May 23, 2017
Dodging raindrops, Elgin Rotary Club members dedicated a Peace Pole on May 23rd that now is part of the city’s Veterans Memorial Park along the Fox River.
Mayor Dave Kaptain told the crowd the location was a fitting one, as those who served in the military “fought to bring peace to everyone.”
Alan Kirk, President of the Elgin Rotary Breakfast Club, said that the Rotarians had been looking to put up a Peace Pole for about 15 years, at the urging of club member Ben Henrikson. According to Kirk, the Rotary’s breakfast group has about 20 members, while a group that meets at noon has 65 members.
The Rotarians also donated money for creating Veterans Memorial Park, near Gail Borden Public Library, which was built in phases this decade. When Henrikson and other Rotarians approached the committee involved with the park project, they unanimously agreed to place a Peace Pole there, City Councilman Rich Dunne said.
Elgin’s Peace Pole was designed and built by retired dentist Greg Karr, who has been with the Elgin Rotary Breakfast Club since it chartered in 1989.
Prior to the dedication, Karr explained that the Peace Pole concept originated in 1955 with Masahisa Goi of Japan, who founded the World Peace Prayer Society. The first Peace Poles erected outside Japan went up in the 1980s, Karr said, and today there are more than 100,000 such poles up in about 180 countries, including one at the North Pole.

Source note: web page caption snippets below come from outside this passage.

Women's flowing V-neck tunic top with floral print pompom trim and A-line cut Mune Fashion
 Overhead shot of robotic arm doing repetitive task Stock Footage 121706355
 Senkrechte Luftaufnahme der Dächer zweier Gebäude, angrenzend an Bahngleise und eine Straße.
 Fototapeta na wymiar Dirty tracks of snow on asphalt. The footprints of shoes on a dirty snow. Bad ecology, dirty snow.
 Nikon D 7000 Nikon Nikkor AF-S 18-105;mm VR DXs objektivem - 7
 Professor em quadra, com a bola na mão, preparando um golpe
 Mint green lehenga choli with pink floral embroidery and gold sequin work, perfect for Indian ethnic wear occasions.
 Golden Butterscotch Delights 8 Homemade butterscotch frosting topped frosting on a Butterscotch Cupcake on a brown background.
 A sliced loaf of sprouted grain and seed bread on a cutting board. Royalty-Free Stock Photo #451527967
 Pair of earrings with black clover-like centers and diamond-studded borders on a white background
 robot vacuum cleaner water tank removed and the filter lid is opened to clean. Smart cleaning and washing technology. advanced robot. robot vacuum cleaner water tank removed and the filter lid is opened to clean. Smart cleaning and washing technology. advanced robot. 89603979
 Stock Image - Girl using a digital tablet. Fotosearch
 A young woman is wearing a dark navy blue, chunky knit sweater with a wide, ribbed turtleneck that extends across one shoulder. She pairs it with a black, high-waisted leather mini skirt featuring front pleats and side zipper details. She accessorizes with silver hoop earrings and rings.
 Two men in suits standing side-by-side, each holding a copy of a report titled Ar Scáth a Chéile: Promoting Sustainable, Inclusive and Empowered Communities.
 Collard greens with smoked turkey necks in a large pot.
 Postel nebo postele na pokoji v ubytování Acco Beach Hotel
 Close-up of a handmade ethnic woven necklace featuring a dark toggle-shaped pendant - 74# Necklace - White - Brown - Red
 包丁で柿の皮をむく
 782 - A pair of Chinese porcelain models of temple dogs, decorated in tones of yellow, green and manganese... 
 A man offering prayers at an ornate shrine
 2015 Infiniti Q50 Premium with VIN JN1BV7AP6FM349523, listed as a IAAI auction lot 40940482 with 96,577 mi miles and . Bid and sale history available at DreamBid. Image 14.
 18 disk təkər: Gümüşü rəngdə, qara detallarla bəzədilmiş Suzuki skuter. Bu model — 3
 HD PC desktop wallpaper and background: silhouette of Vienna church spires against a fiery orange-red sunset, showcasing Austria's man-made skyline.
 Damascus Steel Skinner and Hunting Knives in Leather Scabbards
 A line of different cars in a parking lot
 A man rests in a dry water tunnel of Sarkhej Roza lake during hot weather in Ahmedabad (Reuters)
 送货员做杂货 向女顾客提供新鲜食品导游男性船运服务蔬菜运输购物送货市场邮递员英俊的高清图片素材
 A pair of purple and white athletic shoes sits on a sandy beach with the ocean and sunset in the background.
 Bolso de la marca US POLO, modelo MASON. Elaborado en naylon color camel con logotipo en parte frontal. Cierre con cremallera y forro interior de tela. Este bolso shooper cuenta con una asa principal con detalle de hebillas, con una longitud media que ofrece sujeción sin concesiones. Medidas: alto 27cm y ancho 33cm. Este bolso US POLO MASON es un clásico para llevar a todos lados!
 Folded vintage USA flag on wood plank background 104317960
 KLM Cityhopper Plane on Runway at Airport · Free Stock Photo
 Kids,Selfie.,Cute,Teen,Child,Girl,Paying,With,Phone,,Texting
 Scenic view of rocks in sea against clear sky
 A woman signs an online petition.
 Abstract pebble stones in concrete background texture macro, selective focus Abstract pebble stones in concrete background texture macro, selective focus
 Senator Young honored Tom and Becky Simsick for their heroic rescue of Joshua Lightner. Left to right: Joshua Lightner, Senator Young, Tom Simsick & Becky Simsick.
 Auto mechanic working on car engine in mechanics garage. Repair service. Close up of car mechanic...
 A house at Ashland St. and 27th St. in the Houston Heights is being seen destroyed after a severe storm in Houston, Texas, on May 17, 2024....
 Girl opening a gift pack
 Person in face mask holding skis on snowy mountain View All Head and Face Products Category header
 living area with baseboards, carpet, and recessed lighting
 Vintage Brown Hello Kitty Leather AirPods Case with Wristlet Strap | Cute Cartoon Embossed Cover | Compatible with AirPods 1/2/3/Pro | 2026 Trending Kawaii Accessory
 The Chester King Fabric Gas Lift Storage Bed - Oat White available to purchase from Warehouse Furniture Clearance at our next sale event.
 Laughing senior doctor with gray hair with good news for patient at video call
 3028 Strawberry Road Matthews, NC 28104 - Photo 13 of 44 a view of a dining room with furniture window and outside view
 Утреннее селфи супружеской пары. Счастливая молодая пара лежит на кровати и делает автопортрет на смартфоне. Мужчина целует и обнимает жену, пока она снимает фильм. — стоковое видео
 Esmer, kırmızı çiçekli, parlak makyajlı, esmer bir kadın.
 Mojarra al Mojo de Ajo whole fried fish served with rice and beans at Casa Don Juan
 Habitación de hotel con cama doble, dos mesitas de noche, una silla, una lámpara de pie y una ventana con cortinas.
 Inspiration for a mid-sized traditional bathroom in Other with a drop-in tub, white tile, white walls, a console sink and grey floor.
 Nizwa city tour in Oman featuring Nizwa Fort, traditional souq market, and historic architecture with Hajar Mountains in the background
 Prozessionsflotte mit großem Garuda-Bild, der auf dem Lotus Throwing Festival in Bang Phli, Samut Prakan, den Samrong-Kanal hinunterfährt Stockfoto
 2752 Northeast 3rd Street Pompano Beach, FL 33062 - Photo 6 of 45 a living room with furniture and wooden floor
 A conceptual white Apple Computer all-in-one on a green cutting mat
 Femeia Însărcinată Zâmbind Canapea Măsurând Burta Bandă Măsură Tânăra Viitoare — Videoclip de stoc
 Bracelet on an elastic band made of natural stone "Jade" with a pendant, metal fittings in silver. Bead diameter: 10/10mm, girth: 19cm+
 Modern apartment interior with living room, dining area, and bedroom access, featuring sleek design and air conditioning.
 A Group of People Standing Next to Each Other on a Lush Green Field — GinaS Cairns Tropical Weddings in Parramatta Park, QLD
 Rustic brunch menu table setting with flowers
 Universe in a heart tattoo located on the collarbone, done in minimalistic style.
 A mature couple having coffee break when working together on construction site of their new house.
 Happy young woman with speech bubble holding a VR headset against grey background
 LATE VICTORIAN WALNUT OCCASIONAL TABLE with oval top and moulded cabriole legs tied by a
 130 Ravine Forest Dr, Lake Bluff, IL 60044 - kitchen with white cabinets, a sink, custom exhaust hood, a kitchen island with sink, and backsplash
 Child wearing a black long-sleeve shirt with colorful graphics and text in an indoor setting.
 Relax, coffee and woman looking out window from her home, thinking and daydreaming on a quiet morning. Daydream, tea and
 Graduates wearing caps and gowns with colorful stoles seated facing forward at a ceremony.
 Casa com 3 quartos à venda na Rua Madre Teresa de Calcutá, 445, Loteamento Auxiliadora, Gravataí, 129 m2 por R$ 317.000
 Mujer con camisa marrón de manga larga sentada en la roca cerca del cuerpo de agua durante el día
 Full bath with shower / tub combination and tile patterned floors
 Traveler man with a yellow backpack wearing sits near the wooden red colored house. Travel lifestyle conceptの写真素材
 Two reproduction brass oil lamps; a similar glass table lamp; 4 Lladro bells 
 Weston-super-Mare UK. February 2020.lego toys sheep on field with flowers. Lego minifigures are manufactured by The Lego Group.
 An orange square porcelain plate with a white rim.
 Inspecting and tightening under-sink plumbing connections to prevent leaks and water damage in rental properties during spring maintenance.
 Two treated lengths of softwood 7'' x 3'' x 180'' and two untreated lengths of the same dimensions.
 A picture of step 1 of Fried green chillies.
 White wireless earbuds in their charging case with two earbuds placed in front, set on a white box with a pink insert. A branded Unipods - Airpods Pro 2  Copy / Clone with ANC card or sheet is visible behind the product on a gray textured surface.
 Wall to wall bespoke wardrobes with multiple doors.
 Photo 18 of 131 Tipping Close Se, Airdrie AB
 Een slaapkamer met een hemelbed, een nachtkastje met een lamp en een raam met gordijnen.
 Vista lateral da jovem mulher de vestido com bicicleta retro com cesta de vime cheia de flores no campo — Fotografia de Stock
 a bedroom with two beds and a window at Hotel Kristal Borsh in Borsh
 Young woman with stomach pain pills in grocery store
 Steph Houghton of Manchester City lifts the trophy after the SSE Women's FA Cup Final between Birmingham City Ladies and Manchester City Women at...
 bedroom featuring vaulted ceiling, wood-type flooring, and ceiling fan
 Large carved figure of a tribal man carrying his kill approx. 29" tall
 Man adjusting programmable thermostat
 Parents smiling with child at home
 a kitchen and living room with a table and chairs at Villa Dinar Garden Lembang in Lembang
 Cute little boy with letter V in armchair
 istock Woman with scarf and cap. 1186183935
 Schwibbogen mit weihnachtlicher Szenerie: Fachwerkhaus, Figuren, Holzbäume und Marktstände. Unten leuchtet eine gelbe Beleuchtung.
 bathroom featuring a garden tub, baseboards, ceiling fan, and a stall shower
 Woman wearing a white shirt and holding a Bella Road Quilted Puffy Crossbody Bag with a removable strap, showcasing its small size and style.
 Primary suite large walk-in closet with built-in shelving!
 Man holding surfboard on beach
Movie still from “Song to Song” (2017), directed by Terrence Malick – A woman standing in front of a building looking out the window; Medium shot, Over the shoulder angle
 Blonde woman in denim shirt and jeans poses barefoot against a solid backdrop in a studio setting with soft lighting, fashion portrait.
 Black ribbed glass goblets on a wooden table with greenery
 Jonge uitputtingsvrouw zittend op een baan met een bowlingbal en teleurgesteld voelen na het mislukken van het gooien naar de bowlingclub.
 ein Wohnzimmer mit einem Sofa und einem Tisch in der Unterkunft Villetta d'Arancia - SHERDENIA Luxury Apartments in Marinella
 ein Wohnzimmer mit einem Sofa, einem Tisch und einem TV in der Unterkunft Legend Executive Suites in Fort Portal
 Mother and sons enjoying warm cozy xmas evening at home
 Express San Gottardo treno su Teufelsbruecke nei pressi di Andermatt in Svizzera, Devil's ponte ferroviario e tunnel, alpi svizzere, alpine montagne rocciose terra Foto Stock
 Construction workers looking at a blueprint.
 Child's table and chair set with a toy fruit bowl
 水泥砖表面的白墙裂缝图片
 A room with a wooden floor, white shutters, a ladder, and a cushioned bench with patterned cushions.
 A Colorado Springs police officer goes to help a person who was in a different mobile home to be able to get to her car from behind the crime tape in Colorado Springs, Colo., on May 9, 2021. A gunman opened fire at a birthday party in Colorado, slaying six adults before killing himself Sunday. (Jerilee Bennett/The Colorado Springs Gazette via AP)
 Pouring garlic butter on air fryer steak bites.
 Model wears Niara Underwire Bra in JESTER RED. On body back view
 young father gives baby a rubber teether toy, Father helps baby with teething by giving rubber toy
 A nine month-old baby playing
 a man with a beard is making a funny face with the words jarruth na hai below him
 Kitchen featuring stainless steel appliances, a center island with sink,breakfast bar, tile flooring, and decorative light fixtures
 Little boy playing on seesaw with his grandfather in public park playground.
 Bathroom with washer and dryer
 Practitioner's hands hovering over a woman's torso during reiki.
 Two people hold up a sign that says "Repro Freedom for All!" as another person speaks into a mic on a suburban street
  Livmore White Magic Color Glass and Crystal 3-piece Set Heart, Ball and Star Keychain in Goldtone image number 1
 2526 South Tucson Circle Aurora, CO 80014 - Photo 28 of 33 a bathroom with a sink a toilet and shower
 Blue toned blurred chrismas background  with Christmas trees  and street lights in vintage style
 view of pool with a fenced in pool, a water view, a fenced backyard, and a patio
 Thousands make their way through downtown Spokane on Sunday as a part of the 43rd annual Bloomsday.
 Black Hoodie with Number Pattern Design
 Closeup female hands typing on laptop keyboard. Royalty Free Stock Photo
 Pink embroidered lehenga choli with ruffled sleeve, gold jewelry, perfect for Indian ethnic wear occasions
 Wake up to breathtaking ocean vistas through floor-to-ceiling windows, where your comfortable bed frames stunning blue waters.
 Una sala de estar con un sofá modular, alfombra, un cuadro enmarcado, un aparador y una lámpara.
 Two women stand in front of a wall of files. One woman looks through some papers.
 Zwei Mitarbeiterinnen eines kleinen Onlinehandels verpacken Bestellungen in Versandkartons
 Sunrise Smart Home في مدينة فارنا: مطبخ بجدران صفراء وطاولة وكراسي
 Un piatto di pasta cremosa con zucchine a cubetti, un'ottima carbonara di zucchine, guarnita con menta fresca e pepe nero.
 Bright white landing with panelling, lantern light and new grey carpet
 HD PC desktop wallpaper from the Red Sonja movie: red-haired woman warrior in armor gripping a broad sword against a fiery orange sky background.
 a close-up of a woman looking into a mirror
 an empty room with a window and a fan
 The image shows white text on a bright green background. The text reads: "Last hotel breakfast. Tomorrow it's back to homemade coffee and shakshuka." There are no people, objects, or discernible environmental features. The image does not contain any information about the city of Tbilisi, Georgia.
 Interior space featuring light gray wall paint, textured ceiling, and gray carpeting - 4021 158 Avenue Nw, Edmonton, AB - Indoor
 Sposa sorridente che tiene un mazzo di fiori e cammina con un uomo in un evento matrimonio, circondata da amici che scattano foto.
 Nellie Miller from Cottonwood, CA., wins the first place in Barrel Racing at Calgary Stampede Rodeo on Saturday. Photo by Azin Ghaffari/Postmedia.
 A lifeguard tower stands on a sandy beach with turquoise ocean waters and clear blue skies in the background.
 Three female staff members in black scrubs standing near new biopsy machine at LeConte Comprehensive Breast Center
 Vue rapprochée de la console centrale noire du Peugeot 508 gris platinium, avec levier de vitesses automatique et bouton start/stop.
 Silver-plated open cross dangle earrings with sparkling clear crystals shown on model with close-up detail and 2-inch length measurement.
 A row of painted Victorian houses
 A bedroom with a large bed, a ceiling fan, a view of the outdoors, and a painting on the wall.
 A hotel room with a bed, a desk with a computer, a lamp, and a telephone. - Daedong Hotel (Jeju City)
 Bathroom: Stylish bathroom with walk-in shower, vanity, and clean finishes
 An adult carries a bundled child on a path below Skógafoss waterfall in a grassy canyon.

Each pole has the phrase, “May Peace Prevail On Earth” inscribed on it in a country’s primary language, Karr said. Karr’s pole also has that phrase written in braille and in Potawatomie on separate sides along with other symbols.
Karr said that while Peace Poles originally were made of wood, he decided to use steel and stone for his design. That design is a four-sided metal cage holding 196 stones, each etched with the code for each of the countries in existence on Earth, Karr said.
Karr said it took about 10 years, on and off, to create his piece, with part of the delay due to battling an illness. Karr’s friend David Reich, who is a welding instructor at Elgin Community College, was of great assistance in constructing the Peace Pole.
Karr said the most challenging part of the project, which he built in his garage, was finishing the stainless steel from the material used, which was raw from the mill.
The pole also was to have a spire on top of it that would represent the world’s seven continents, which didn’t quite work.
“It just looked ugly,” Karr said.
Putting his creation up in the park took about five hours Saturday and involved the help of several friends and family members, Karr said.
When speaking to those assembled for the dedication, Karr said, “This was a group effort, and it is a big part of my life.”